[Excerpts from a dataset]
================================
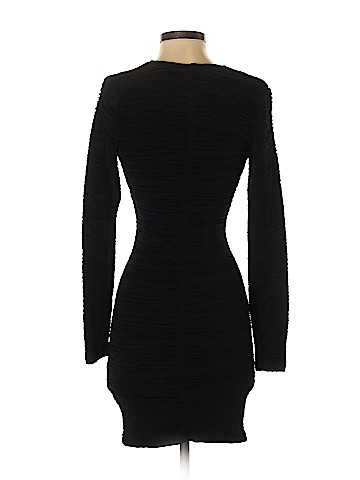 H&M Casual Dress (view 2)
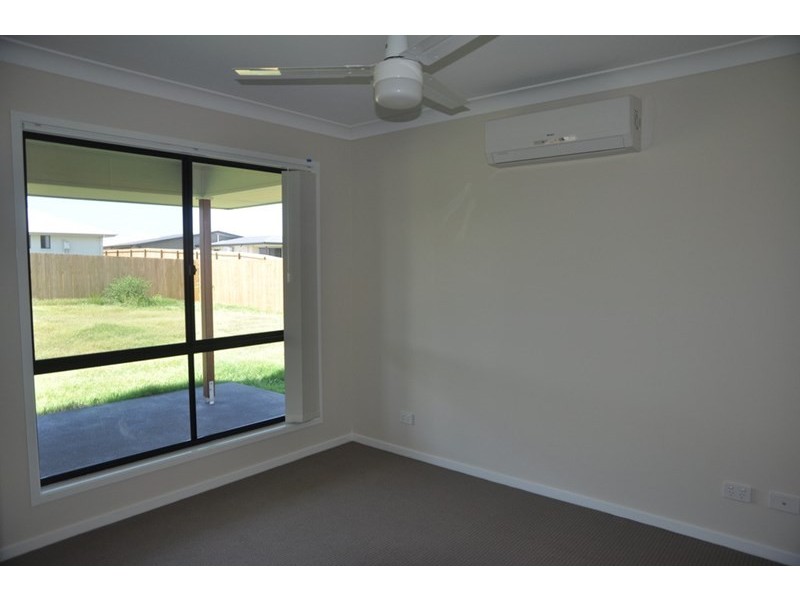 17 Arwon Street, Wyreema QLD 4352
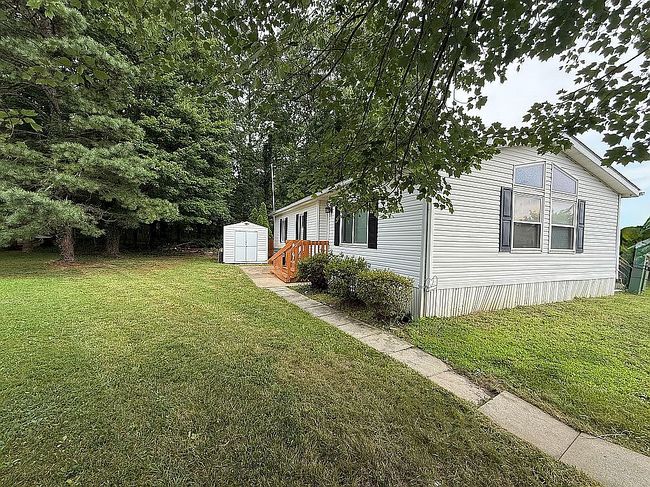Photo of 117 Rodeo Cir, Middle River, MD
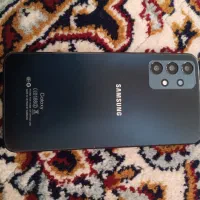 گوشی  نونوهستش قیمت تواوطی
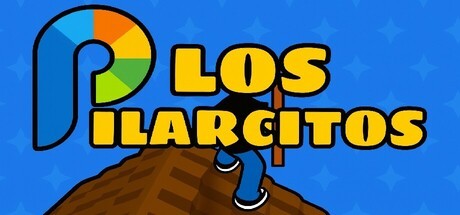 Games like Los Pilarcitos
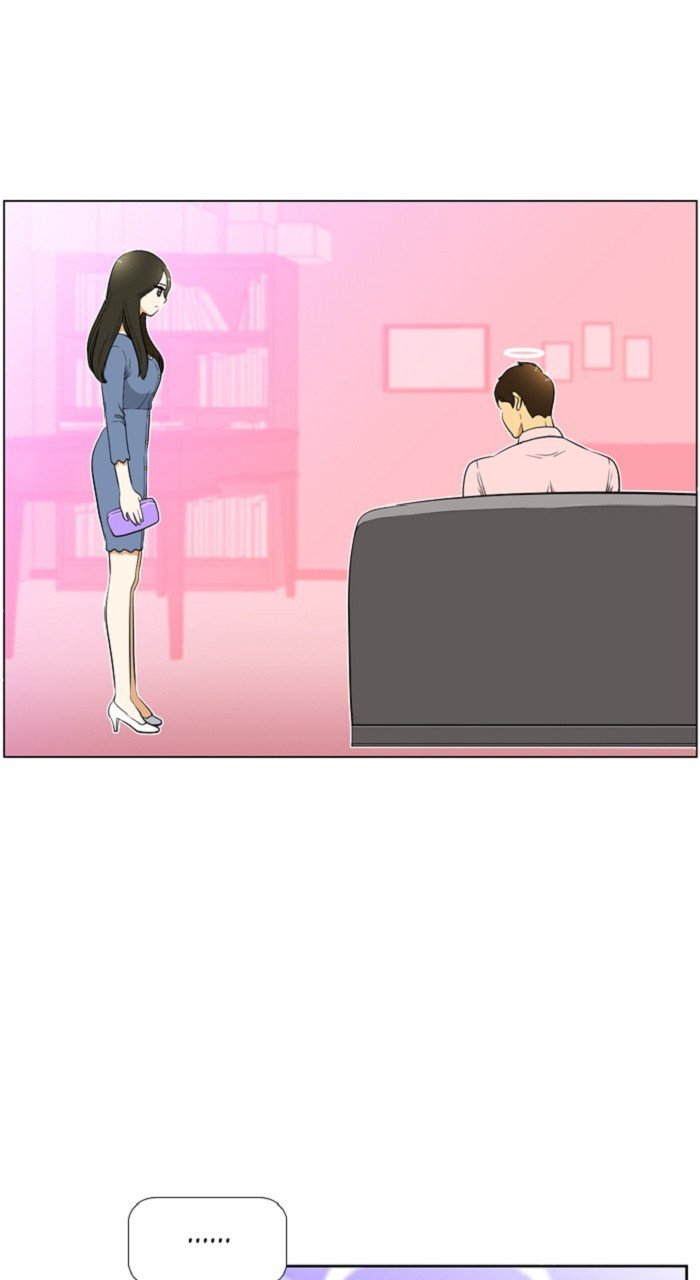 Normal Class 8 chapter 266 page 4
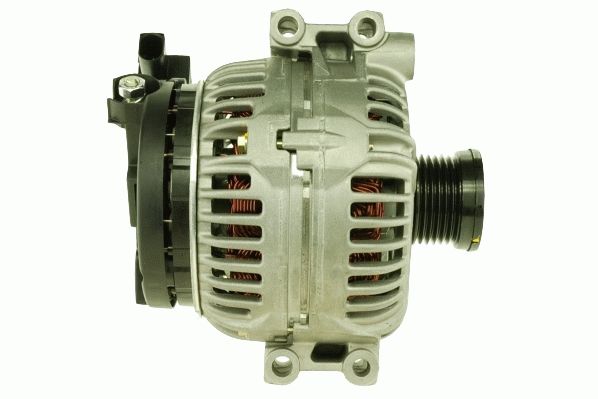 Alternator (RF46270G)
================================
Transcribe the records above verbatim. Do not carry over any picture.

 H&M Casual Dress (view 2)
 17 Arwon Street, Wyreema QLD 4352
Photo of 117 Rodeo Cir, Middle River, MD
 گوشی  نونوهستش قیمت تواوطی
 Games like Los Pilarcitos
 Normal Class 8 chapter 266 page 4
 Alternator (RF46270G)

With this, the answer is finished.